Unfortunately, she had recently begun a relationship with an ambitious Greek immigrant named Alexander Pantages, a former boxer and current bartender with plans to open a chain of theaters.  They opened the Orpheum together early in 1901, and with Kate as its headliner they were soon rolling in money.  But in the spring of the following year, Pantages realized that the gold was running out and suggested the two of them move to Seattle; Kate did not wish to leave Dawson, so they embarked upon a long-distance relationship.  Even after she finally came back to the US in 1903 or 1904, she wanted to tour while he was stuck in Seattle working on his dream of a theater chain.  While she was performing in Texas, Alex took up with a violinist named Lois Medenhall, whom he married on March 12, 1905; though their relationship had clearly been cooling for a long time Kate was furious and filed a breach-of-promise lawsuit against him in May, seeking the return of the $60,000 she had invested in his theaters plus another $25,000 in damages.  The affair upset her terribly, however, and she started drinking heavily; she settled out of court in April 1906 for a paltry $5,000, then moved to Fairbanks, Alaska, opened a hotel and performed at a nightclub called the Floradora.  Luck was not with her; the uninsured hotel burned down in 1907 and she left Alaska flat broke.

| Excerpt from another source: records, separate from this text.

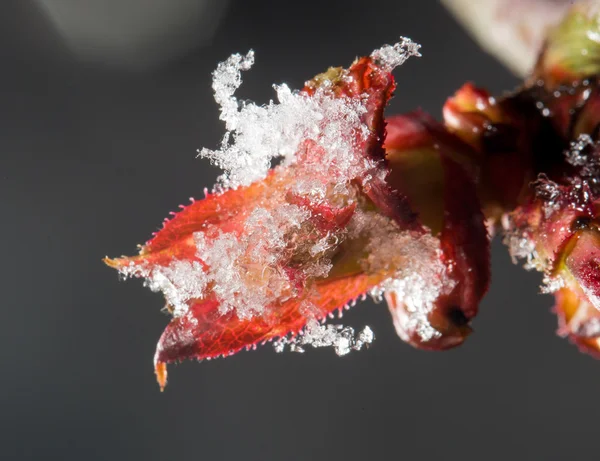 Natur — Stockfoto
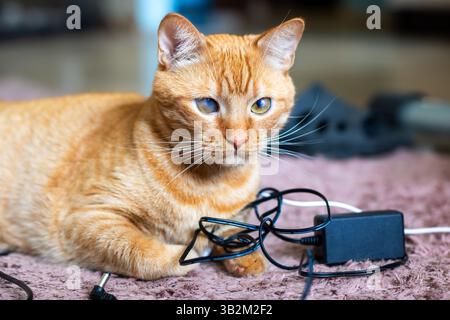 Eine flauschige Katze liegt bequem auf einem weichen Teppich direkt neben einem Ladegerät und genießt ihren gemütlichen Platz beim Entspannen Stockfoto
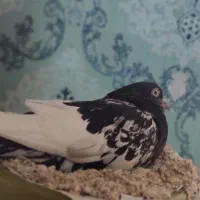 یه جفت کفتر معاوضه|پرنده|مشهد, هنرستان|دیوار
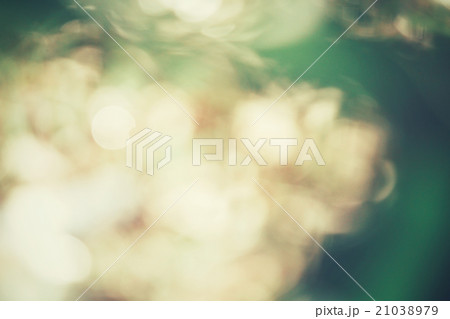 Vintage background 21038979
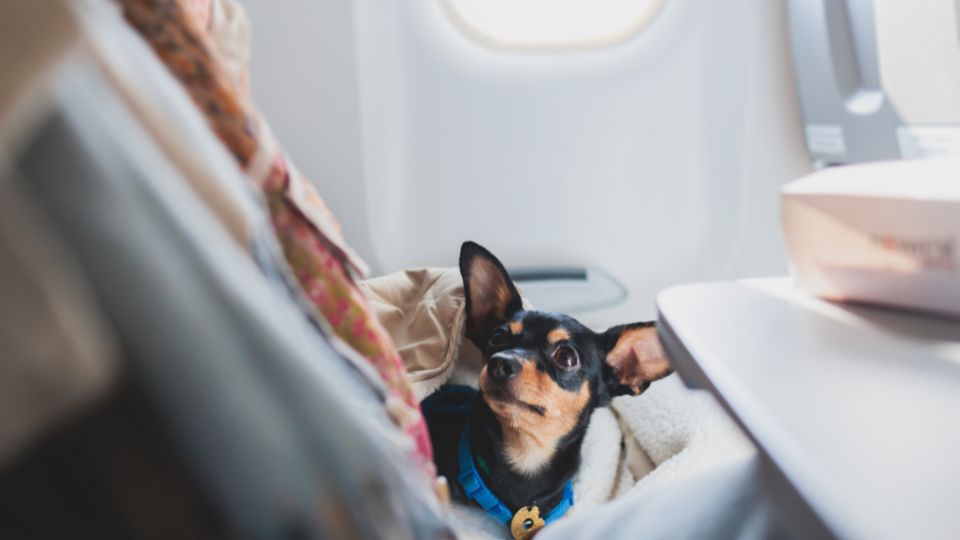 Spanish airline to offer pet treats on board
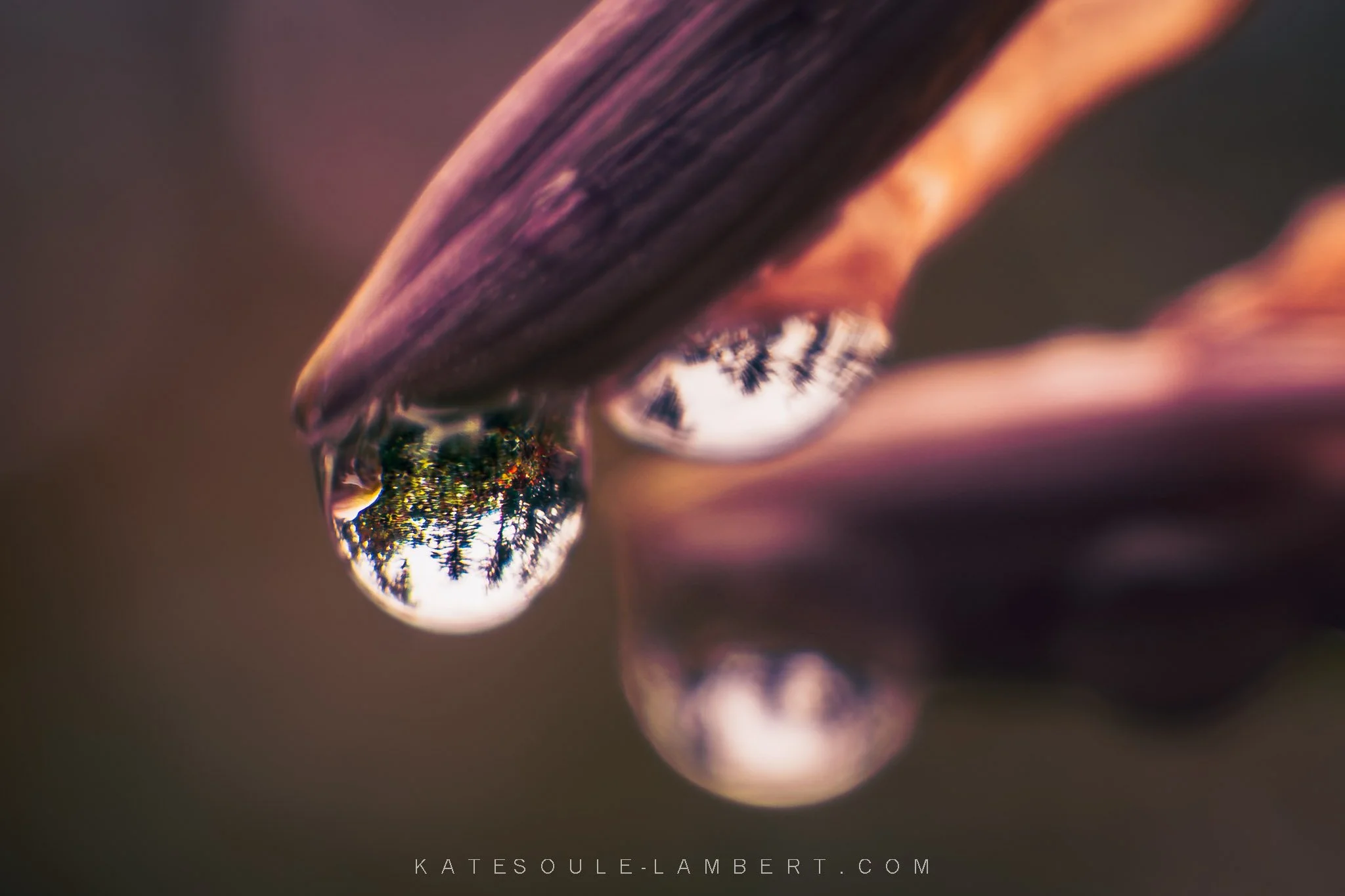 Close-up of a dew drop hanging from a flower bud, reflecting trees and the skyline, with a blurred background.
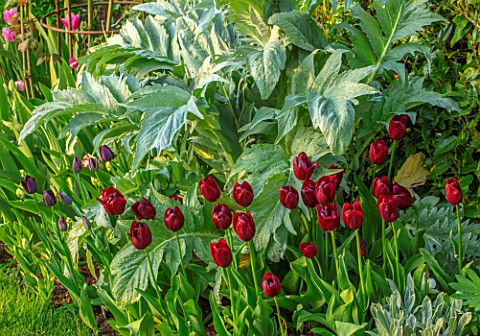MORTON_HALL_WORCESTERSHIRE_BORDER_WITH_CARDOON_AND_TULIPS_APRIL_SPRING_BORDERS_BULBS_CUTTING_GARDENS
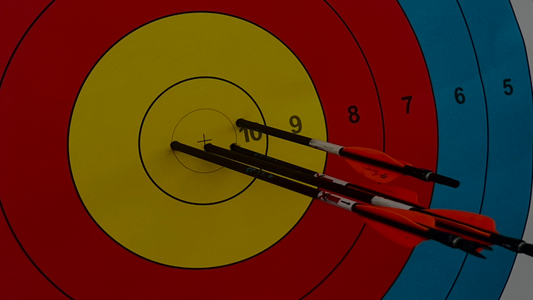 Premium 12-Arrow XTuned Service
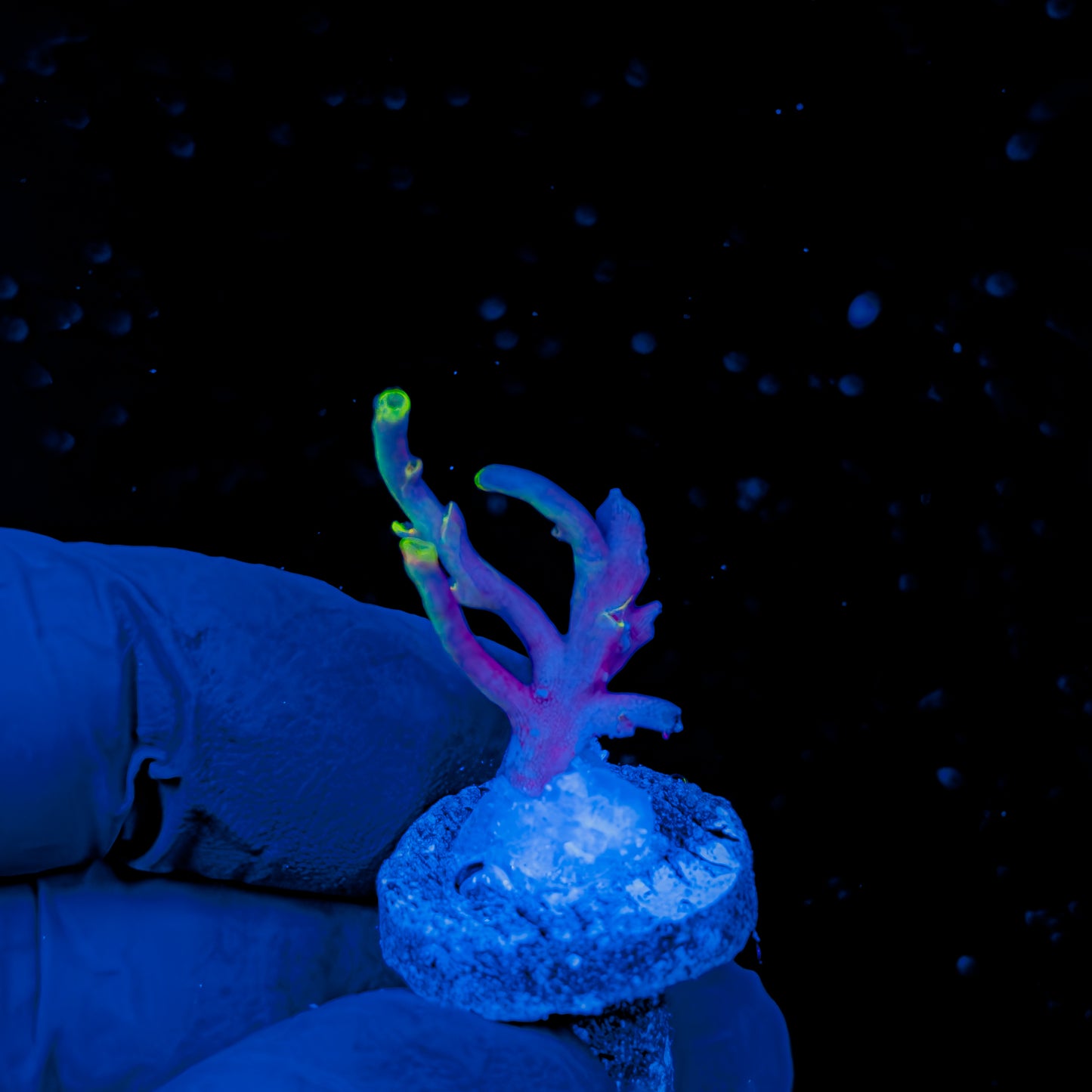 NEBULA SPECIOSA 1489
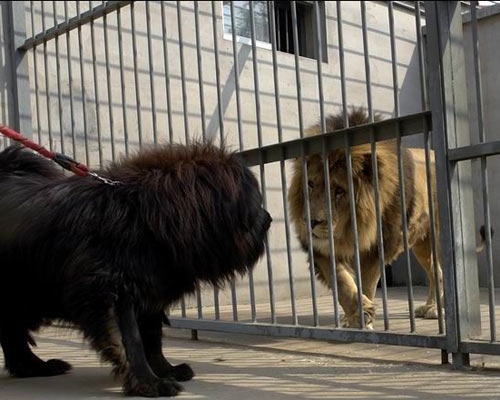 河北藏獒展上多只藏獒要價(jià)千萬引爭議 天價(jià)藏獒揭秘
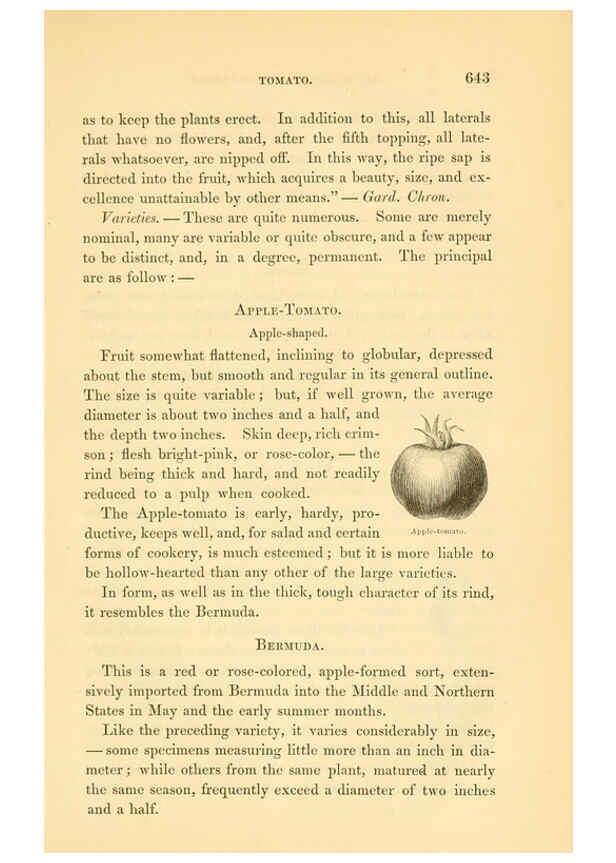 Reproducción/Reproduction 6002102767: The field and garden vegetables of America Boston,Crosby and Nichols,1863
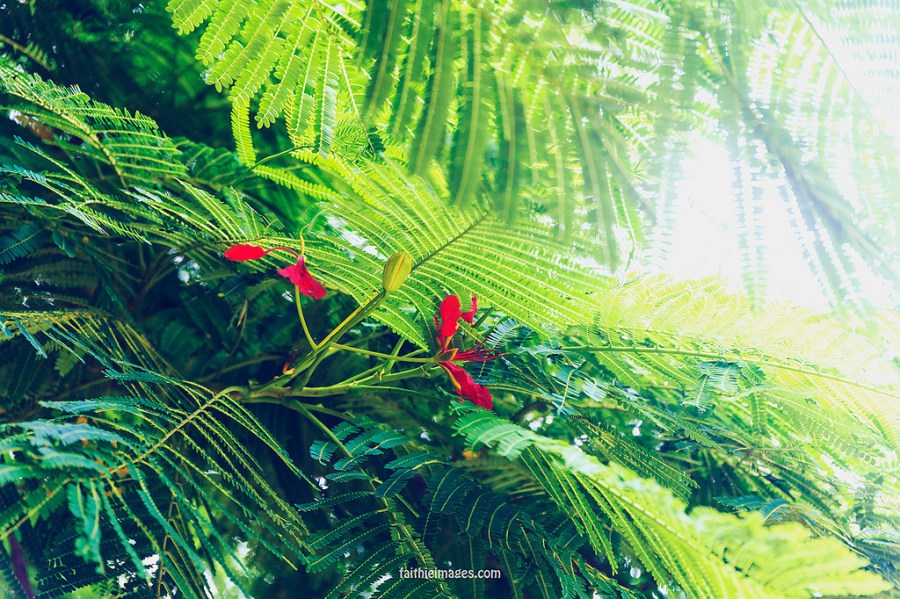 23266939050_2a058a000f_b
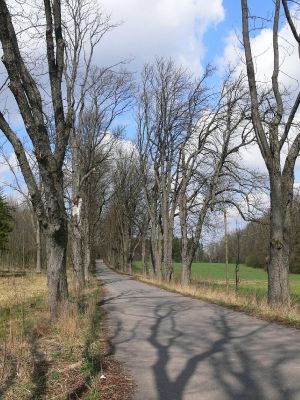 Žamberk - zámecký park 13.4.2008
Stará jírovcová álej se táhne podél silničky až do obce Lukavice.
Mots-clés: Žamberk zámecký park álej jírovec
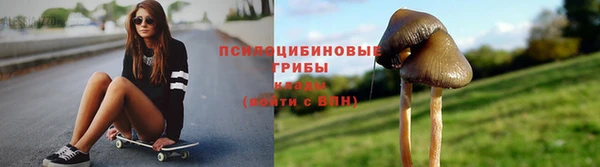 jwh Нефтекумск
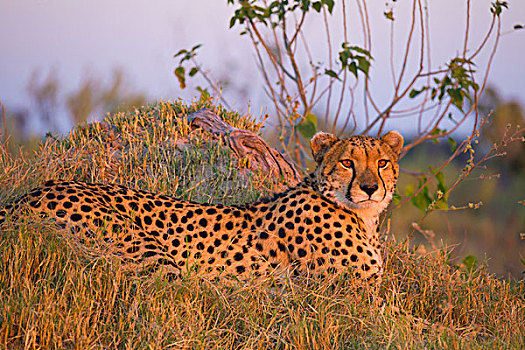 头像,印度豹,猎豹,卧,草,奥卡万戈三角洲,博茨瓦纳,非洲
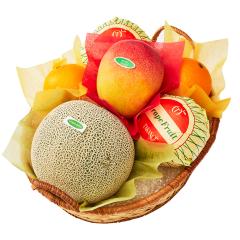 ���� �V�h���� �C�o���L���O�������t���[�c�o���G�e�B�[EC  #29100 |�ʕ� �������� ������ �t���[�c ���j�� ���j�� ���� ���Ԃ� ����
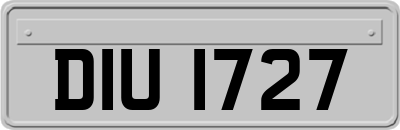 DIU1727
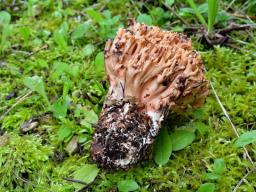 Ramaria bataillei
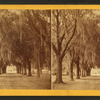 Avenue leading to Hermitage.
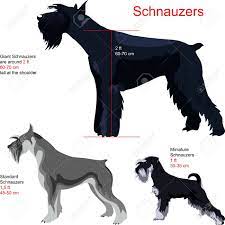 You should know that some schnauzer dogs are white, although the most unlike its smaller siblings, the giant schnauzer is somewhat untrusting and territorial with strangers, perhaps due to the. Schnauzer Breed Giant Schnauzer Standart Schnauzer Miniature Royalty Free Cliparts Vectors And Stock Illustration Image 10833196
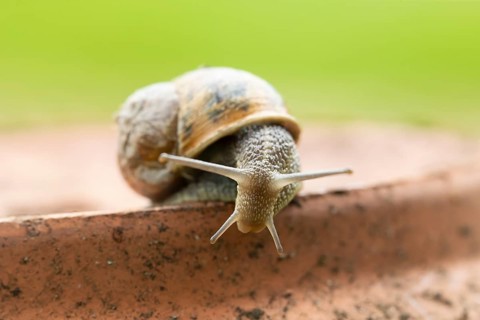 Garden snail (Cornu aspersum) adult gastropod molluscs on a garden plant pot in summer, England,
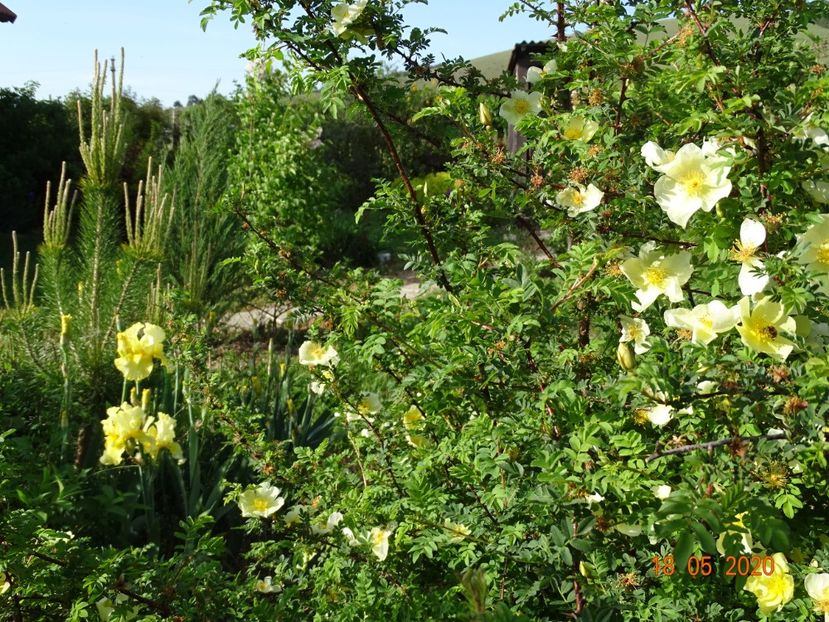 rosa hugonis - Dobarland 2020 3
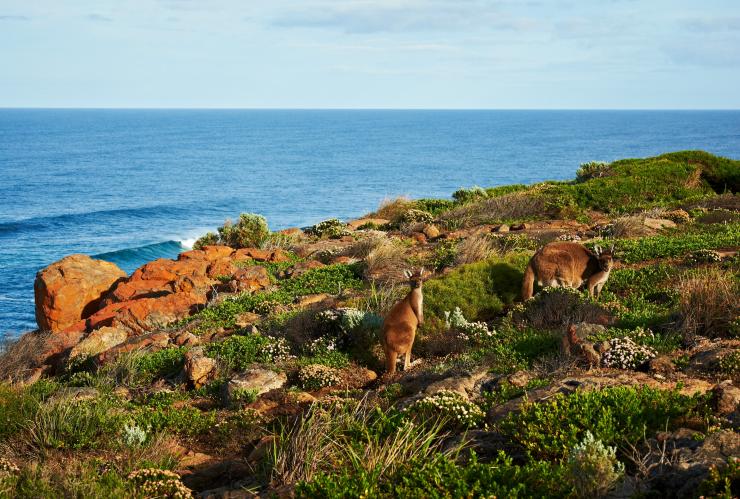 Walk Into Luxury, Cape to Cape Track, Margaret River, Westaustralien © Walk Into Luxury/Frances Andrijich 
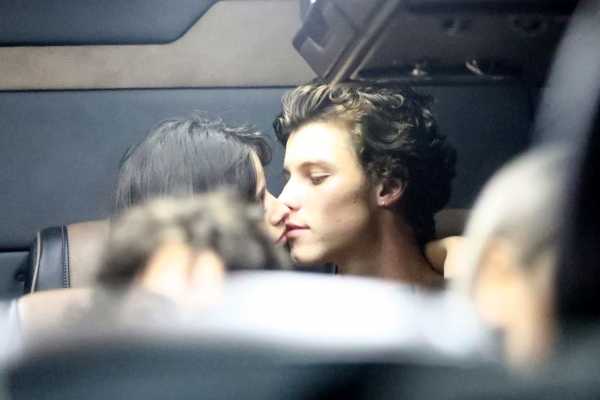 Camila Cabello and Shawn Mendes Kissed on Party Bus After Grammys 2020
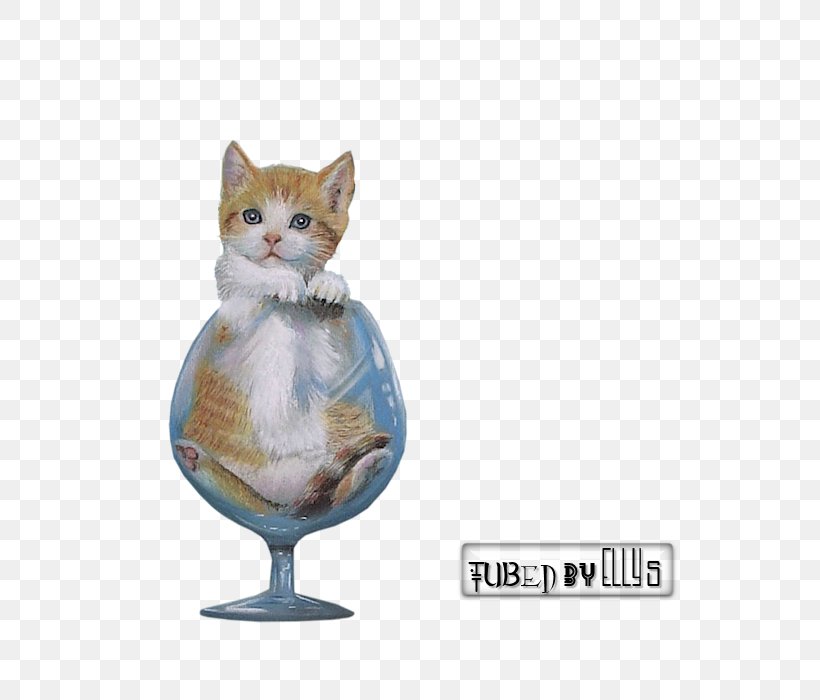 Whiskers Cat Kitten PSP Game, PNG, 700x700px, Whiskers, Blog, Blogger, Cat, Cat Like Mammal Download Free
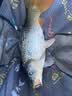 达亿瓦（DAIWA）一击 轻量鲤鱼鲫鱼草鱼罗非 进口鱼竿手杆 轻硬挺 休闲台钓 4.5m 一击F一代 45(综合)【经典一代，万人推荐】 不支持使用/试用后退换货 实拍图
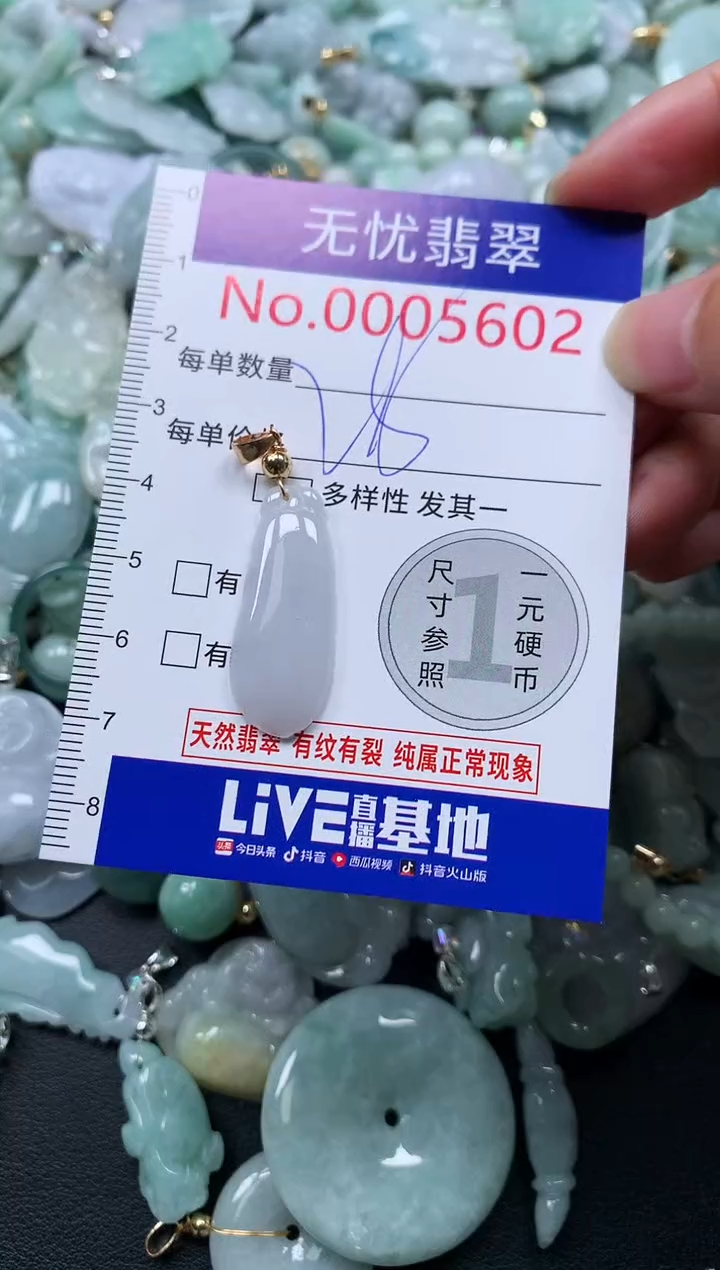 颈饰未镶嵌翡翠5602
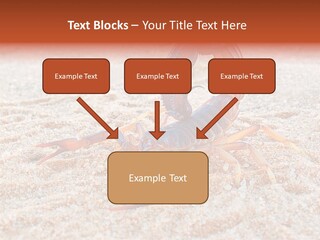 Aggression Scorpion Aggressive PowerPoint Template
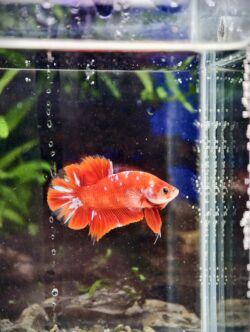 BB303 - HMPK - Super Red Galaxy Koi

Klondike Kate, circa 1906Since she was only 34, she easily built up another career in vaudeville.  But there was not nearly as much money to be made in Seattle as there had been in the Klondike, and besides she was depressed and drinking; after a knee injury ended her dancing career for good in 1914 she had a nervous breakdown, and left Seattle to open a boarding house in Bend, Oregon (at which some of her boarders seem to have been whores).  Though money was tight, she preferred to do most of the menial work herself rather than sell any of her expensive jewelry; as she later told a biographer, “I can remember the queer looks on the faces of customers, seeing me up to my elbows in soap suds, with a thousand dollars’ worth of diamonds in each ear.”  She eventually built her business into a profitable enough venture to make large donations to the town’s volunteer fire department, but made the mistake of selling it in the early 1920s to start a restaurant in California…which promptly failed so badly she was forced to borrow money from the now-successful Alex Pantages.  The latter’s fortune did not last long after that, however; in 1929 his wife Lois was tried for killing a man while driving drunk, and Alex was charged with raping a young actress.  Though his conviction was overturned after two years in prison, he was financially ruined and died of a heart attack in 1936.

Kate married a cowboy named Floyd Warner in the late ‘20s, but that was over by the time she received a letter from Johnny Matson, who had never stopped loving her; he had read a newspaper account of the Pantages trial (during which Kate had been subpoenaed by the prosecution as a character witness) and decided to look her up again.  In that letter he proposed, and she married him in Victoria, BC on July 14, 1933.  He was still a miner and very solicitous of her welfare, so he insisted she spend the winters in Oregon rather than at his remote claim.  During this time she began to be invited to appear at miner’s reunions in Portland, and spent her winters training young Hollywood actresses in vaudeville techniques.  They lived happily this way until the winter of 1946, when she was notified that Matson had been found dead in the woods miles from his cabin.  Two years later she married another old admirer, an Oregon accountant named W. L. Van Duren, and was still with him when she died at the age of 83 on February 21, 1957.  Though she is not well-known in most of the US, she is still remembered fondly in Alaska and Oregon; in the former as the glamorous showgirl of her youth, and in the latter as the generous civic benefactress of her later years.  And despite what moralists like to believe, they were one and the same woman.